Am 21. März wird sich der Umweltausschuss des Bundestags im Rahmen einer öffentlichen Anhörung mit den geplanten Kürzungen der Förderung der Photovoltaik befassen. Unter den sechs Experten, die in dieser Anhörung Fragen der Abgeordneten beantworten werden, sind auch drei Vertreter der Photovoltaik Branche. Auch der Bundesverband der Verbraucherzentralen und der Bundesverband der Energie- und Wasserwirtschaft sind vertreten. Derartige Anhörungen sind routinemäßiger Bestandteil von Gesetzgebungsverfahren und haben längst nicht immer entscheidenden Einfluss auf das Verfahren. Das extrem schnelle Gesetzgebungsverfahren deutet in diesem Fall nicht darauf hin, dass die Anhörung ergebnisoffen erfolgen soll. Interessant könnte allerdings werden, ob Umweltminister Röttgen der breiten Ablehnung der Kürzungen in der Bevölkerung kurzfristig doch noch mehr Aufmerksamkeit schenken wird - seit der Auflösung des Landtags in NRW befindet er sich als Spitzenkandidat der CDU plötzlich und unerwartet im Wahlkampf.

Die strittigen Punkte

Die umstrittenen Punkte der Novellierung des Erneuerbare Energien Gesetzes, die in der Anhörung diskutiert werden sollen, sind vor allem die Höhe und der Zeitpunkt der beabsichtigten Kürzungen.

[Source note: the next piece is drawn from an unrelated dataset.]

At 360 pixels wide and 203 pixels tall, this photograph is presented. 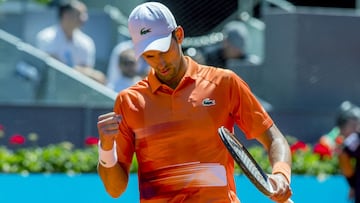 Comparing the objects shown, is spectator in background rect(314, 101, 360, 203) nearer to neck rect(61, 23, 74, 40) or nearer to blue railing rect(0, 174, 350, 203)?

Daneben wird es auch darum gehen, ob zukünftig tatsächlich nicht mehr der gesamte Strom vergütet wird. Der Gesetzentwurf der Minister Rösler und Röttgen sieht vor, dass für kleine Dachanlagen nur noch 85 Prozent des Stroms vergütet werden, für Großanlagen 90 Prozent. Ein weiterer strittiger Punkt ist die beabsichtigte Ermächtigung der Regierung, künftige Kürzungen ohne Beteiligung des Parlaments vornehmen zu können. Zumindest die Position der Vertreter der Solarindustrie dürfte bereits vor der Anhörung weitgehend klar sein. Zumal auch ein Vertreter des Unternehmens Belectric als Experte geladen ist. Belectric hat bereits eine Klage vor dem Bundesverfassungsgericht gegen die kurzfristigen Kürzungen angekündigt, da diese auch laufende Projekte betreffen.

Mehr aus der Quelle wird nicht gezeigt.